Your code calls s3Client.GetObject(...). The SDK translates this into an HTTP request, but before sending it, it has to sign it. To sign it, it first needs to normalize it.

The request could be expressed in many equivalent ways — different header casing, different query string order, trailing slashes. HMAC-SHA256 is sensitive to every character. If the signer and verifier normalize differently, the signatures won’t match.

The solution is a canonical request — one strict, agreed-upon representation of the request:

GET
/my-file.txt

host:my-bucket.s3.amazonaws.com
x-amz-content-sha256:e3b0c44298fc1c149afb...
x-amz-date:20260408T100000Z
x-amz-security-token:FwoGZXIvYXdzEJr...

host;x-amz-content-sha256;x-amz-date;x-amz-security-token

e3b0c44298fc1c149afb...

The word canonical means exactly that — one authoritative form. Both the SDK (signing) and AWS (verifying) apply the same normalization rules and arrive at the identical string. Then they both sign it. The signatures match, or the request is rejected.

Normalization rules:

HTTP method → always uppercase
URI path → always normalized
Query string → sorted alphabetically
Header names → always lowercase, sorted alphabetically
Header values → whitespace trimmed
Body → always SHA256 hashed, never included raw

Step 6: SigV4 signing

# Hash the canonical request
SHA256(canonical_request) = "3b4c5d6e..."

# Build string to sign
AWS4-HMAC-SHA256
20260408T100000Z
20260408/us-east-1/s3/aws4_request
3b4c5d6e...

# Derive signing key — scoped per date, region, service
kDate    = HMAC-SHA256("AWS4" + SecretAccessKey, "20260408")
kRegion  = HMAC-SHA256(kDate,    "us-east-1")
kService = HMAC-SHA256(kRegion,  "s3")
kSigning = HMAC-SHA256(kService, "aws4_request")

# Final signature
Signature = HMAC-SHA256(kSigning, string_to_sign)

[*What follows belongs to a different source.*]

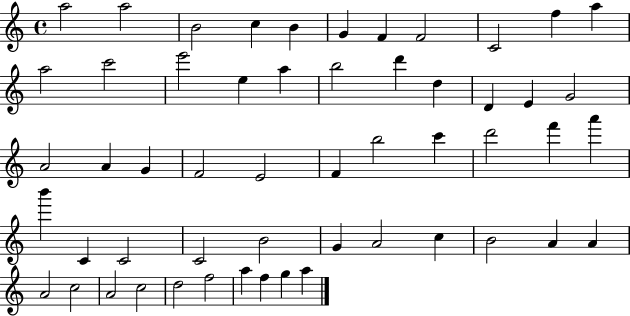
A5/h A5/h B4/h C5/q B4/q G4/q F4/q F4/h C4/h F5/q A5/q A5/h C6/h E6/h E5/q A5/q B5/h D6/q D5/q D4/q E4/q G4/h A4/h A4/q G4/q F4/h E4/h F4/q B5/h C6/q D6/h F6/q A6/q B6/q C4/q C4/h C4/h B4/h G4/q A4/h C5/q B4/h A4/q A4/q A4/h C5/h A4/h C5/h D5/h F5/h A5/q F5/q G5/q A5/q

The signing key is derived fresh for every date, region, and service combination. A key valid for S3 today cannot sign a DynamoDB request. A key for us-east-1 cannot be used in eu-west-1. The scope is baked into the key itself.

The signature goes into the Authorization header:

Authorization: AWS4-HMAC-SHA256
  Credential=ASIAXXXXXXXXXXX12345/20260408/us-east-1/s3/aws4_request,
  SignedHeaders=host;x-amz-content-sha256;x-amz-date;x-amz-security-token,
  Signature=fe5f80f77d5fa3beca...

Wait — where are the private and public keys?

Coming from TLS, this was the question I had too. SigV4 doesn’t use asymmetric cryptography at all. There are no private or public keys here.

TLS uses asymmetric signing because the verifier (the browser) doesn’t know the signer (the server) in advance. The public key travels via a certificate, and anyone with the public key can verify the signature without knowing the private key.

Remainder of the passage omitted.